With usage of the Fed's overnight reverse repo facility again hitting a new record high on Tuesday, rising to an all-time high of $497.4 billion...

... rates traders are trying to decide if the Fed will tweak the rate on either the IOER (Interest on Excess Reserves) or the Reverse Repo Facility, collectively the Fed's "administered rates" in order to ease the liquidity congestion that has parked half a trillion dollars at the Fed where it is sitting inert, doing nothing.

One strategist who believes there is a "small chance" the Fed will adjust its IOER/RRP rate is Deutsche Bank's Steven Zeng, who also cited concern about the quarter-end balance sheet squeeze, which is less than the futures market is currently pricing.

As a reminder, the Fed’s ongoing $120BN in monthly QE and Treasury’s continued drawdown of its cash balance, create permanent reserves that are sitting on bank balance sheets.

At the same time, demand for deposits adds to the bloat and forces banks to supply these liabilities and hold lower-yielding assets.

This puts downward pressure on banks’ supplementary leverage ratios, so now institutions must either raise capital or reduce loans. In this context, the Fed’s RRP acts as a “release valve” for deposits to leave banks’ balance sheets via inflows into money funds, which are then deposited at the facility.

According to Zeng, and as we have explained previously, the main merit of raising the RRP rate is to make money funds a “more attractive option to bank deposits,” which can allow institutions to push out more deposits and better manage their balance-sheet size until a “more permanent change to bank capital rules is made.”

Currently, money-market yields are low and their margins are squeezed, so a boost to the RRP rate would make money funds a “more attractive option than bank deposits,” allowing more cash to leave the banking sector. Separately, JPMorgan writes that most money-market funds have not reached their counterparty limits at the Federal Reserve’s overnight reverse repurchase agreement facility so they may not have to adjust their thresholds at the moment.

Of course, one can't have an increase in one rate without the other, since in the fed funds market, lenders who have access to the RRP will demand higher rates, but borrowers may respond with reduced demand leading to a “more erratic fed funds rate.” This means an increase in the RRP rate “needs to be accompanied by an equal or larger increase to the IOER.”
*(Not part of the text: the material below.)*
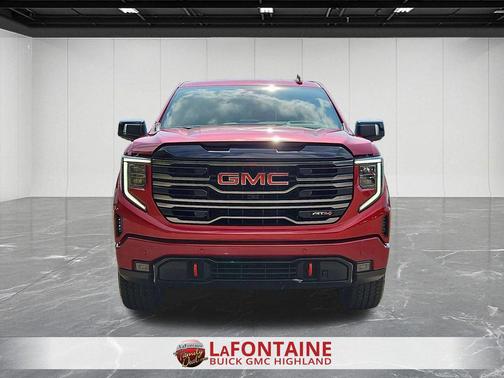 Volcanic Red Tintcoat 2025 GMC Sierra 1500 AT4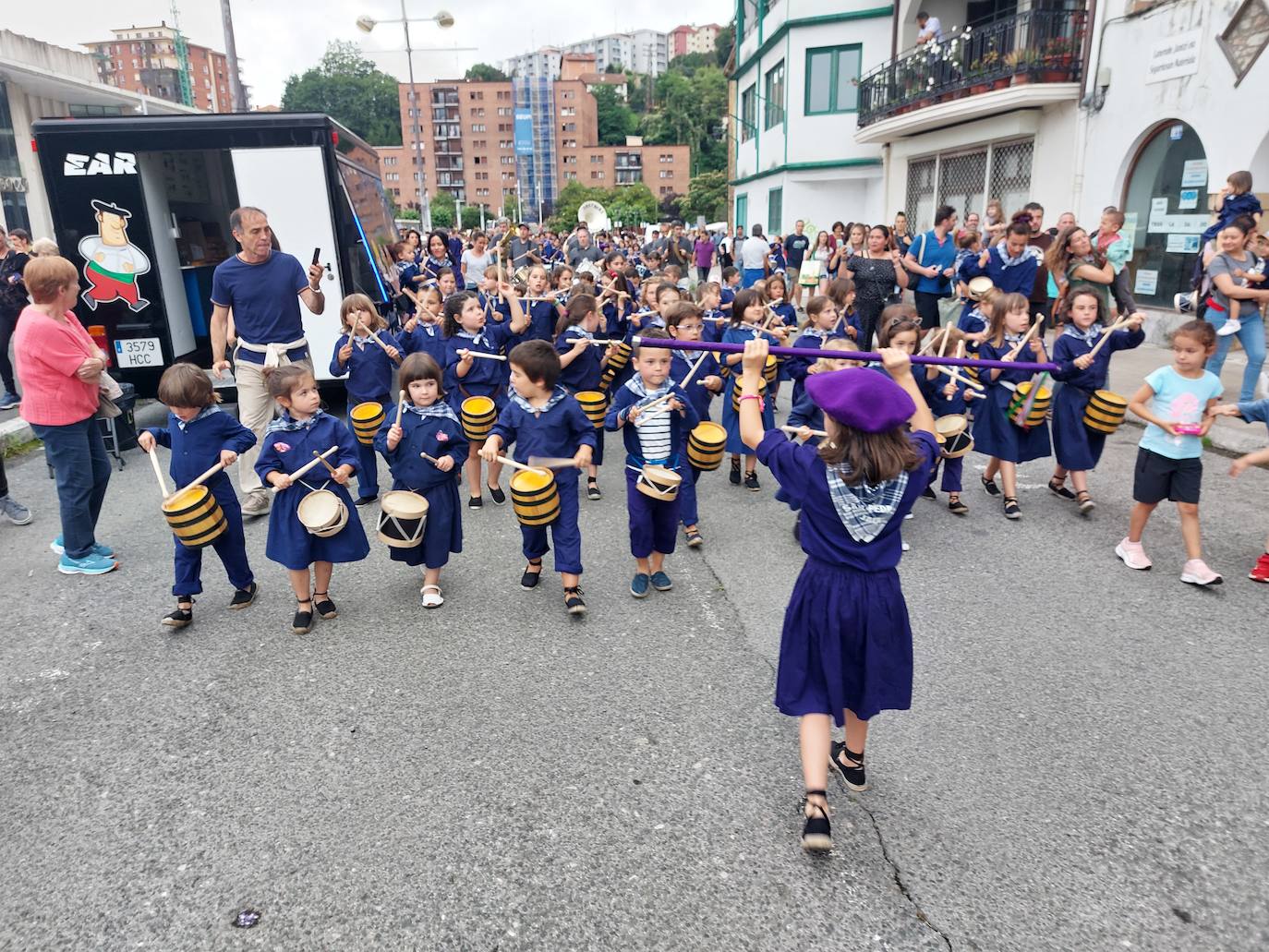 Tamborrada infantil de morado y calles multicolor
Zeng conveniently summarizes the costs and benefits of an administered rate tweak in the table below:

On the other end of the spectrum are Jefferies economists Thomas Simons and Aneta Markowska who pointed to recent rise in yields at Treasury bill auctions in anticipation of potential Federal Reserve adjustments to its adminstered rates, but according to the duo, "the rise could compel the central bank to stay put." (earlier this week, the Treasury sold 3-month bills at 0.025% and 6-month bills at 0.04%, which were both the highest stopout yields since April 19).

Simons and Markowska explain the reflexive paradox as follows: "concerns about an IOER hike are preventing yields from falling any further, despite the huge amount of cash looking for a home in the front-end." As a result, "perversely, this concern may actually prevent an IOER hike, should yields continue to hover at these levels.”

Another paradox: the two conclude that "it is hard to see the Fed judging that there is ‘undue pressure’ on the front-end even" even as the Fed reverse repo is expected to rise above $500 billion today.

So what does the market think? Well, according to Curvature's repo guru Scott Skyrm, as of this moment the market does not appear to be expecting an IOER hike by the Fed next week, meaning that consensus expected Powell & Co. to do nothing to ease the record liquidity parked at the Fed.

As the Curvature strategist wrote in a Tuesday note, "the market is pricing two things from the Fed. First, it's pricing the first tightening in 2023 - according to the fed funds futures contracts [graph upper right]. Too far out to even guess the month! Second, the market is pricing the GC/fed funds spread to gradually narrow over the next year. Whereas GC is averaging between 5 and 6 basis points below fed funds now, it's expected to trade flat to fed funds within a year."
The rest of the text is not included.